(WORK ORDER):
Return, word for word, the lines of the listing below from the one with "Elasticsearch Cluster: A" through the one with "Register at Homework", and no other lines.
DATA START
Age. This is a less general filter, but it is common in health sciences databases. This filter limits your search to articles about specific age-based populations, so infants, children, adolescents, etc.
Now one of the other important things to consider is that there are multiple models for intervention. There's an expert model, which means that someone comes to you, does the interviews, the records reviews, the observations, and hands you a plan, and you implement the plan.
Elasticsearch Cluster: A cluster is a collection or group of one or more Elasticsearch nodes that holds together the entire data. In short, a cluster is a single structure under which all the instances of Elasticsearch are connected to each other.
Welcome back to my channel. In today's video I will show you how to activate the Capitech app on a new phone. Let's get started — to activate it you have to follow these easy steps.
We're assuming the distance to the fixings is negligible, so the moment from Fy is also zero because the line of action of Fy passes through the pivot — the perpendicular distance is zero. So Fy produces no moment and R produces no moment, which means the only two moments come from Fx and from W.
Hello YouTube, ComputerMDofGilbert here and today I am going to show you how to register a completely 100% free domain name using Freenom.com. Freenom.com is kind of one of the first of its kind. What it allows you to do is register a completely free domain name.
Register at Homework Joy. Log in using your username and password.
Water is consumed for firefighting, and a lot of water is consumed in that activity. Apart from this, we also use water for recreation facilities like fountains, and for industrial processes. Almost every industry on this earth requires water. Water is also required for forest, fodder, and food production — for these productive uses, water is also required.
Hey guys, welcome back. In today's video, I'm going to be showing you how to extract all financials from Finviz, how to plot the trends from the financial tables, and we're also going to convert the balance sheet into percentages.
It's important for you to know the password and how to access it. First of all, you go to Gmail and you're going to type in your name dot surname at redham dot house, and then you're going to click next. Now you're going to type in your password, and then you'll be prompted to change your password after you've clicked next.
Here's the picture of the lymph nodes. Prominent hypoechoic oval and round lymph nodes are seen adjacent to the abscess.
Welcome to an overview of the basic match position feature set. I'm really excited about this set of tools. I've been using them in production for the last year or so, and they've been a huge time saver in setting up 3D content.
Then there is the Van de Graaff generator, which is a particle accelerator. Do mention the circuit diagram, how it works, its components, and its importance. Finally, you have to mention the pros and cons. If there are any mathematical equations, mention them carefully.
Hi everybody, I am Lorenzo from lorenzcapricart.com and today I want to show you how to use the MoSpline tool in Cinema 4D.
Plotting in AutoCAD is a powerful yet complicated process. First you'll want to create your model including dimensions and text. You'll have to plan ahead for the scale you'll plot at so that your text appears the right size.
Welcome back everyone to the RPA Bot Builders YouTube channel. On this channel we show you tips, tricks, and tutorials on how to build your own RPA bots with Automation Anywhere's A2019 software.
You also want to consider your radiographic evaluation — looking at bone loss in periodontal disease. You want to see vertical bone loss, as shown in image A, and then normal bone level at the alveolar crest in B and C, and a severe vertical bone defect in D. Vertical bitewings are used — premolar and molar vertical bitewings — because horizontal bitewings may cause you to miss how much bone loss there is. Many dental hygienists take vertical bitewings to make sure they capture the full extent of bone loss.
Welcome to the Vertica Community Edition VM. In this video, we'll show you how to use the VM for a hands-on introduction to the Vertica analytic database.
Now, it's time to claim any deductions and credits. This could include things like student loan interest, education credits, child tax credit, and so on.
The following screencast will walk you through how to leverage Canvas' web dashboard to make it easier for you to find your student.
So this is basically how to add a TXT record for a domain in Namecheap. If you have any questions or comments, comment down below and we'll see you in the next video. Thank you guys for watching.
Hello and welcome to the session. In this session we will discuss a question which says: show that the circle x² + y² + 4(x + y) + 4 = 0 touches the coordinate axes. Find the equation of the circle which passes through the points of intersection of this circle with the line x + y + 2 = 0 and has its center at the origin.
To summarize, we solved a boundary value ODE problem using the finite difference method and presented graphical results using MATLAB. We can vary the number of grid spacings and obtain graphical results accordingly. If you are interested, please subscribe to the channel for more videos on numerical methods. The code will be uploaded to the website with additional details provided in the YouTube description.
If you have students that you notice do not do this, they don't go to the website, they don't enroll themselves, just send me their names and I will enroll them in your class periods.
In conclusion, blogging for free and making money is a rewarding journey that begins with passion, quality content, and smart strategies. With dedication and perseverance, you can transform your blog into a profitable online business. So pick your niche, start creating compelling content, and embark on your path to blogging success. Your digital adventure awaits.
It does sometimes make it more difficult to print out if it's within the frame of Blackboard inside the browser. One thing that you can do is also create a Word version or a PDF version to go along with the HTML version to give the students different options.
DATA END
(ANSWER AREA):
Elasticsearch Cluster: A cluster is a collection or group of one or more Elasticsearch nodes that holds together the entire data. In short, a cluster is a single structure under which all the instances of Elasticsearch are connected to each other.
Welcome back to my channel. In today's video I will show you how to activate the Capitech app on a new phone. Let's get started — to activate it you have to follow these easy steps.
We're assuming the distance to the fixings is negligible, so the moment from Fy is also zero because the line of action of Fy passes through the pivot — the perpendicular distance is zero. So Fy produces no moment and R produces no moment, which means the only two moments come from Fx and from W.
Hello YouTube, ComputerMDofGilbert here and today I am going to show you how to register a completely 100% free domain name using Freenom.com. Freenom.com is kind of one of the first of its kind. What it allows you to do is register a completely free domain name.
Register at Homework Joy. Log in using your username and password.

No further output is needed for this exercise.